## WHAT IS NEEDED
Please repeat the lines below exactly. Begin with the line containing "Maillot Liverpool Maillot" and go on through the line containing "Dron - Hoverair".

## INPUT MATERIAL
[Start of Attachment]
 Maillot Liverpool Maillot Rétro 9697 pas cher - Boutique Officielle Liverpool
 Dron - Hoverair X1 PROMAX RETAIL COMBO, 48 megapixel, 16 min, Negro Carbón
[End of Attachment]
[Start of Attachment]
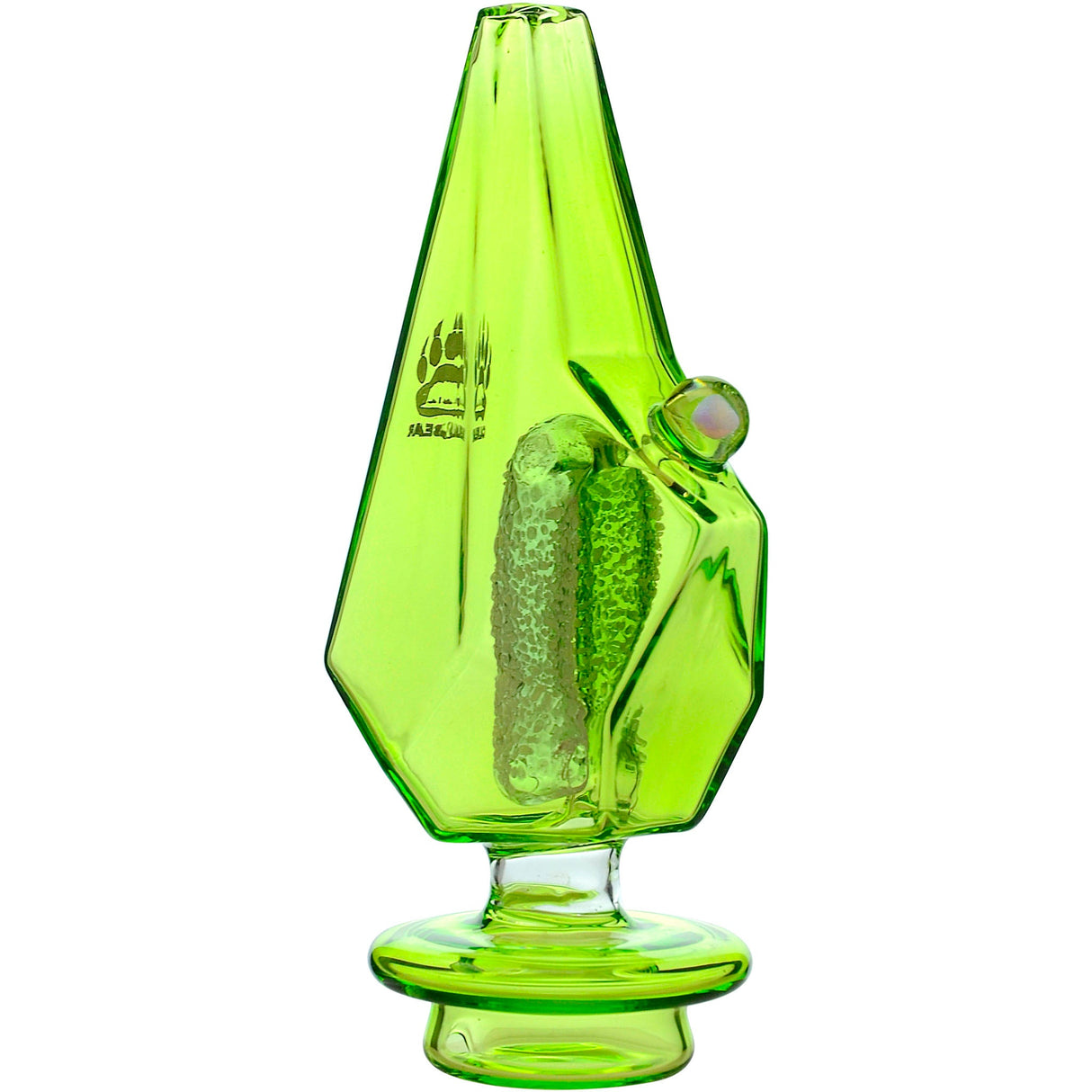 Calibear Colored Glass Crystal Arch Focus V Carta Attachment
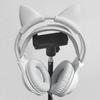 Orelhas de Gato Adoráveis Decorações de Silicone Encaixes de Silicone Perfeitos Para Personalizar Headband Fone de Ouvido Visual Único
[End of Attachment]
## EXERCISE SOLUTION
 Maillot Liverpool Maillot Rétro 9697 pas cher - Boutique Officielle Liverpool
 Dron - Hoverair X1 PROMAX RETAIL COMBO, 48 megapixel, 16 min, Negro Carbón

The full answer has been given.